Experiments of carbon dioxide flowing in a helical pipe at near-critical pressure were performed at constant heat flux boundary condition. The helical curvature diameter, helical pitch and tube diameter were 283.0 mm, 32.0 mm and 9.0 mm, respectively. The inlet Reynolds number was larger than 10~4 to ensure the turbulent flow. The renormalization group RNG k-ε model simulated the three-dimensional turbulent heat transfer of CO_2 in the helical pipe. Much attention was paid to the combined effects of the centrifugal force and buoyancy force on the heat transfer. The RNG k-ε model reasonably simulates the complicated heat transfer. The wall temperatures near the tube exit were slightly over-predicted, due to the suppression of the increased wall temperatures near the tube exit by axial thermal conduction in the experiment. Before and near the pseudocritical temperature region, the varied physical properties caused significantly non-uniform velocity and temperature distributions over the tube cross section. The larger axial velocities appear at the outer-bottom location, and the higher wall temperatures appear at the inner-top location. Thus, the outer-bottom locations hold larger heat transfer coefficients. The turbulent kinetic energies are increased along the axial angles and larger in the inner-top region of the tube cross section. The effective viscosities are decreased along the axial angles, and the larger effective viscosities are shifted to the tube center with the axial flow development. Beyond the pseudocritical temperature region, the decreased buoyancy force suppressed the non-uniformity of the heat transfer coefficients over the tube circumference.

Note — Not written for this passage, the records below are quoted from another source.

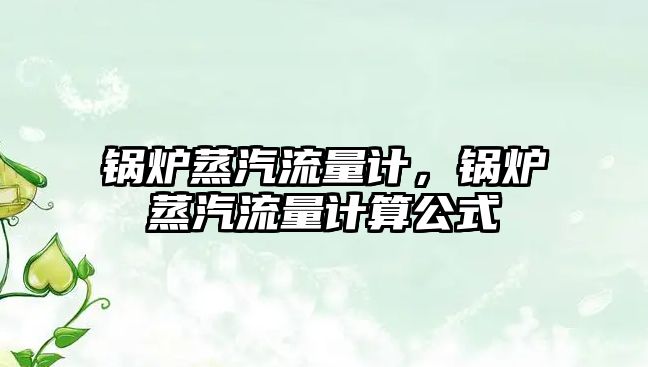 鍋爐蒸汽流量計(jì)，鍋爐蒸汽流量計(jì)算公式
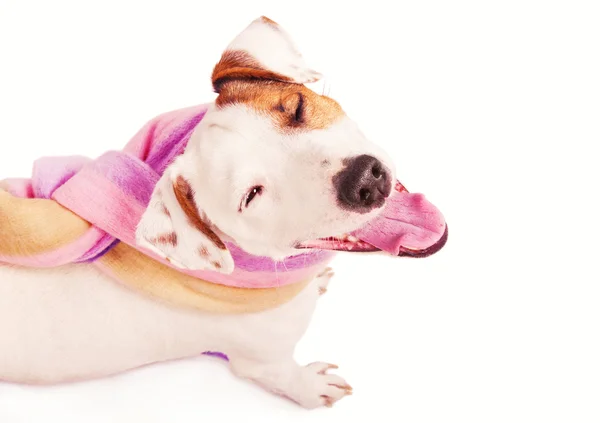 Cute funny jack russell terrier wearing a shawl — Stock Photo, Image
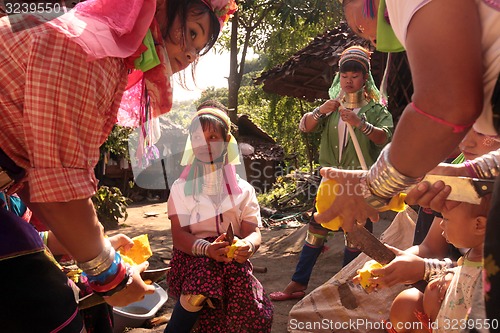 Image of ASIA THAILAND CHIANG MAI WOMEN LONGNECK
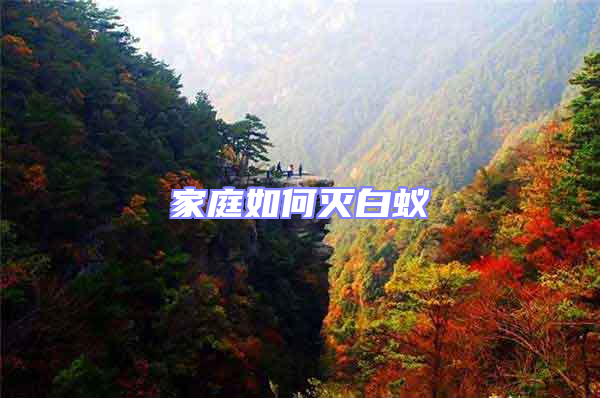 家庭如何滅白蟻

机译:在恒定热通量边界条件下进行了在接近临界压力的条件下在螺旋管中流动的二氧化碳的实验。螺旋曲率直径,螺旋节距和管直径分别为283.0mm,32.0mm和9.0mm。进口雷诺数大于10〜4,以确保湍流。重归一化组RNGk-ε模型模拟了螺旋管中CO_2的三维湍流传热。离心力和浮力对传热的综合影响引起了很多关注。 RNGk-ε模型合理地模拟了复杂的传热。由于在实验中通过轴向热传导抑制了管出口附近壁温度的升高,因此管出口附近的壁温度略有过高的预测。在伪临界温度区域之前和附近,变化的物理特性会导致整个管横截面上的速度和温度分布明显不均匀。更大的轴向速度出现在外底位置,而更高的壁温出现在内顶位置。因此,底部外位置保持较大的传热系数。湍动能沿轴向角增加,并且在管横截面的内顶部区域更大。有效粘度沿轴向角度减小,并且随着轴向流动的发展,较大的有效粘度移至管中心。超出伪临界温度区域,减小的浮力抑制了管圆周上传热系数的不均匀性。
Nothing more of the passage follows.